Finance really boils down to the balance of income and expenses. This can be applied to a private individual and to organizations alike. Debit and credit cards represent two faces of the expenditure coin of a person. Just like incomes and expenses are to be balanced to have a healthy finance, so should you wisely choose between debit and credit cards for different occasions?

Understanding the Basics

Before you choose which card you must have and use, know the difference between these two cards. Both are issued by banks and they both will have an account to which they are linked. But this is where the similarities end. When you carry out a transaction using a debit card, you are using the monies already available in your bank account. The monies used are out of your current and accumulated balances held in the account. In a credit card, however, you are not using any saved monies but are creating and/or adding to a line of credit that has been given to you by the bank. Usage of credit cards adds to your debt commitments to a bank whereas a debit card does not. Now that you know the difference, here are some usages tips that you must keep in mind to wisely use both and maintain a healthy credit score at the same time.

  1. Credit score conscious Using a credit card definitely makes a difference to your credit score because you are increasing or decreasing the balance of a line of credit or in simple words, a debt. Using a debit card makes no difference whatsoever to your credit score. Make sure you use about 30-40% of your credit limit and not more, unless it is an emergency, to favourably affect your credit score.

  2. Fraudulent transactions – Usage of credit cards is strictly monitored by banks. They will immediately block your card if they observe an unusual transaction or will call you for verification. This, thereby, reduces your chances of fraud liability on credit cards. Debit cards, however, have minimal safety facilities, including a PIN, but don’t have any suspicious activity trigger thus putting your entire linked account balance at risk.

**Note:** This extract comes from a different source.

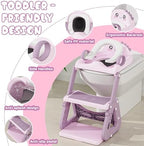 High splash guard detail view on the animal themed purple potty training chair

  3. Unsatisfactory purchases or services – If you are not happy with a product or with a service provided, all the store/organization has to do is reverse the transaction by swiping your credit card again in the machine. So, if you know you have to make a large amount transaction and are unsure of what the results may be, use your credit card and then reduce the balance on it by making a large payment on the card. Regular purchases can still be made using debit cards as you would know the establishment from which you are making the purchase.

  4. Add-on benefits – Credit cards offer a host of rewards that cannot be matched by debit cards. Starting from reduced purchase prices, cash back schemes, gift coupons and travel miles; credit cards offer many more benefits that you should keep in mind especially when you make large purchases.